Mia Wasikowska plays Robyn Davidson, who makes epic camel trek across the Western Australian outback in Tracks.
The Hollywood Reporter's David Rooney hailed the film as a "richly sensorial" and "visually majestic" piece of work.
It is, he wrote, "a stirring depiction of the clarity and self-discovery that can come with isolation in nature, and probably the best film of its kind since Sean Penn's Into the Wild".
Only The Guardian's Xan Brooks demurred, noting the "languid, glossy elegance" of Curran's direction but wondering what the point of it all was.
"Robyn is marching to the ocean and that's our final destination.
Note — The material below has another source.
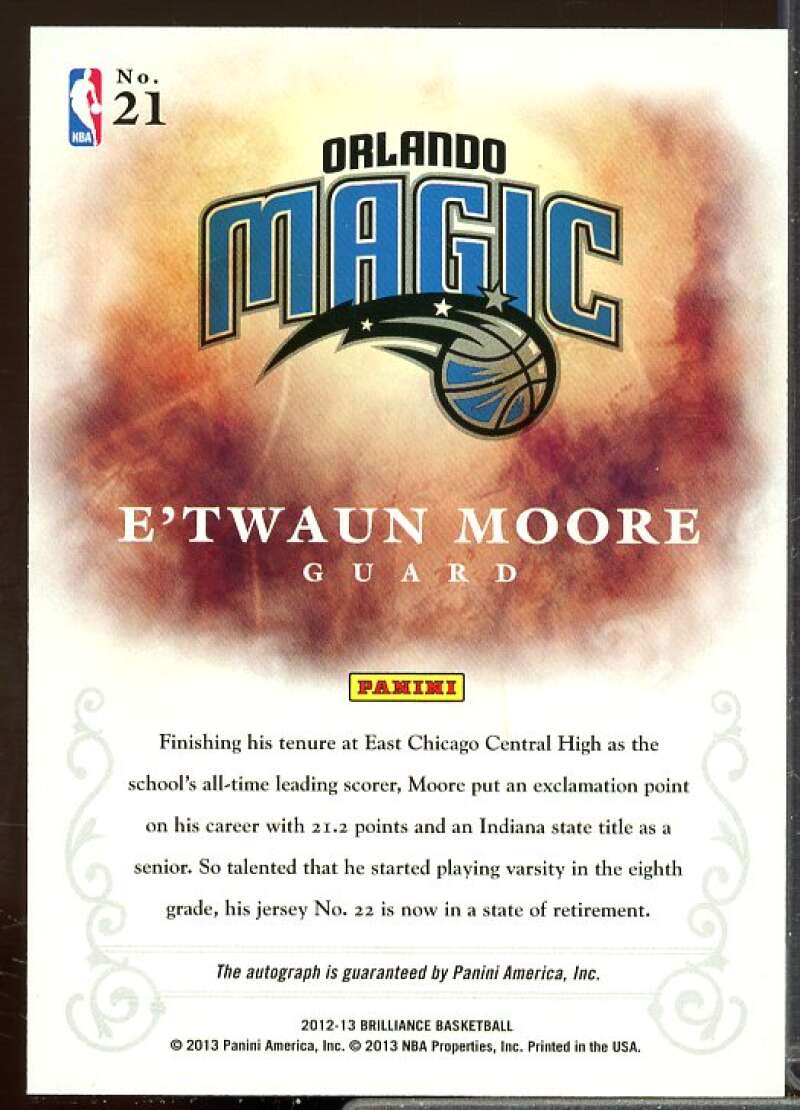 E'Twaun Moore 2012-13 Panini Brilliance Brilliant Beginnings Autographs #21  Image 2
But Tracks, in the meantime, has gone walkabout without a compass, without much of a purpose besides taking the view. The tale wanders lazily in endless, pretty circles."
Greg McLean's long-anticipated sequel to his 2005 smash Wolf Creek paints a very different view of remote Australia.
This is a landscape ruled over with merciless terror by John Jarratt's serial killing Mick Taylor, a man who looks, according to Variety's Guy Lodge, "not unlike Hugh Jackman's similarly mutton-chopped Wolverine gone rather badly to seed".
Lodge's mixed review claimed the film was "neither as striking nor as fundamentally scary as its predecessor", but declared "this pumped-up, robustly crafted pic is still quite a ride".
The Hollywood Reporter's Deborah Young had a similarly mixed response, hailing McLean's "superb grasp of technique and his talent for inducing major fear in audiences" while suggesting "it lacks the third dimension of great horror films, which would somehow tie its lesson about evil in to people's lives".
She did, however, hail the film's "very fine acting", "highly atmospheric cinematography", and "the occasional note of black humor", while predicting Jarratt "seems calmly poised for an eventual Part 3".
The verdict from Empire's Damon Wise, however, was less generous. In his view, Jarratt is no longer "a genuinely menacing screen presence", as he is "over-exposed and given far too much to say", with the result that "what is meant to be a terrifying climax in Mick's lair becomes a one-note, darkly comic (but not especially funny) meditation on British-Australian relations".
Two more Australian films in the festival are yet to screen. Ruin, shot in Cambodia by Amiel Courtin-Wilson and Michael Cody, will make its debut on Monday night (Venice time), while Kitty Green's documentary Ukraine Is Not a Brothel screens for the first time on Wednesday.